### PROVIDED MATERIAL
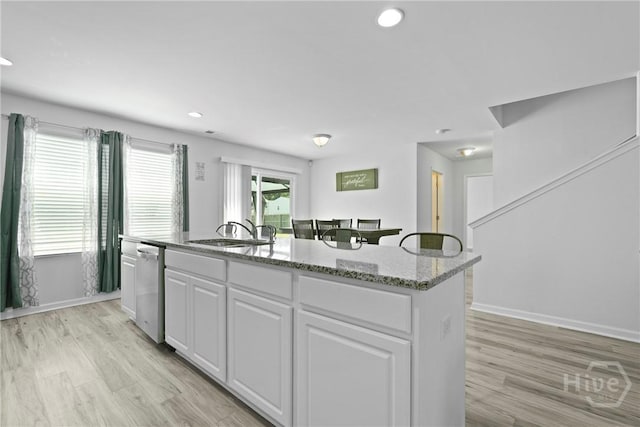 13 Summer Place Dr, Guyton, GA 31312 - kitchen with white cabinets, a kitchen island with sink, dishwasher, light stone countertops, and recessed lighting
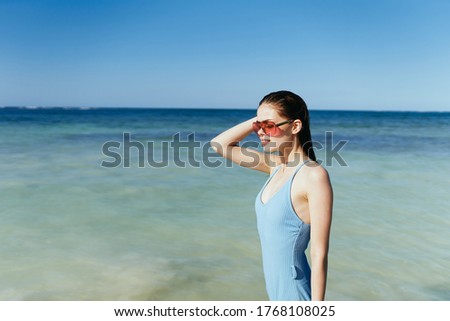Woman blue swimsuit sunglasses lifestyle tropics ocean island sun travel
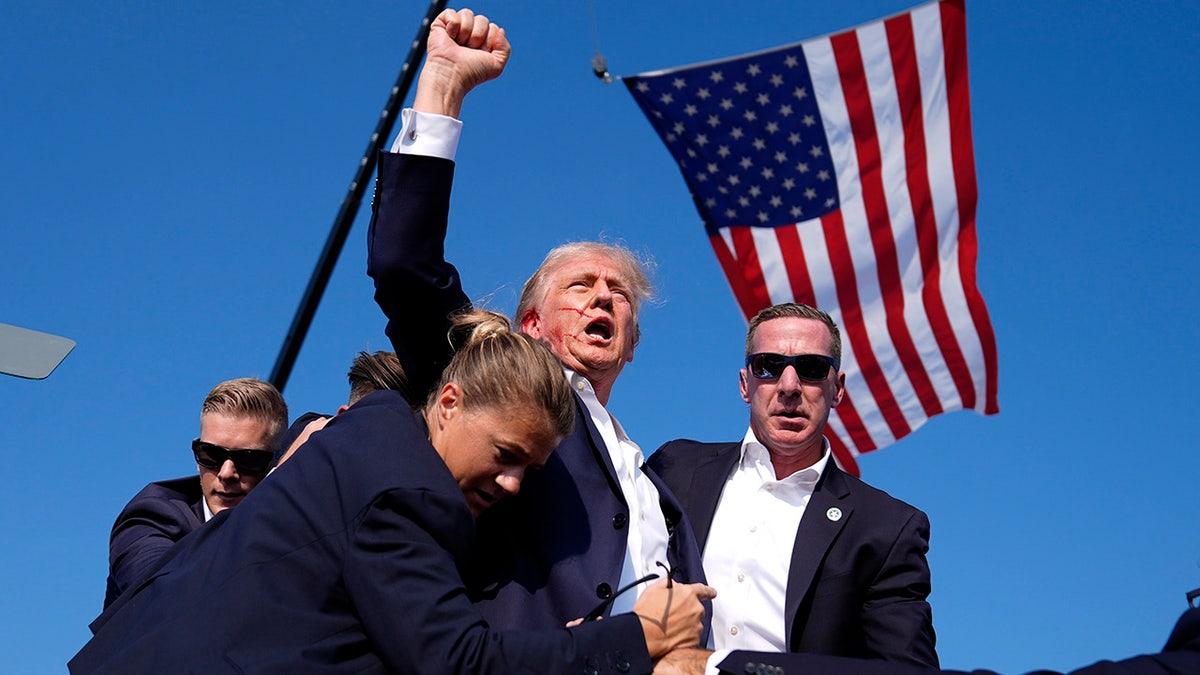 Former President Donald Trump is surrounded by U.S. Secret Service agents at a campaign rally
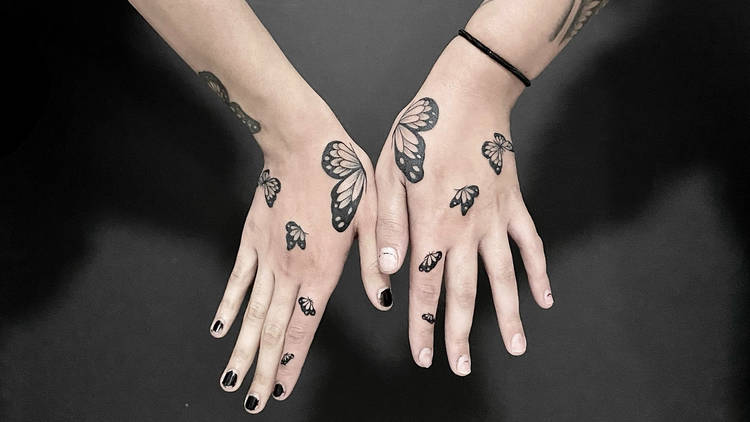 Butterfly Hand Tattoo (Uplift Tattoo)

### PROBLEM TO WORK ON
Reproduce all lines above exactly. Leave the images out.

### EXERCISE ANSWER
 13 Summer Place Dr, Guyton, GA 31312 - kitchen with white cabinets, a kitchen island with sink, dishwasher, light stone countertops, and recessed lighting
Woman blue swimsuit sunglasses lifestyle tropics ocean island sun travel
 Former President Donald Trump is surrounded by U.S. Secret Service agents at a campaign rally
 Butterfly Hand Tattoo (Uplift Tattoo)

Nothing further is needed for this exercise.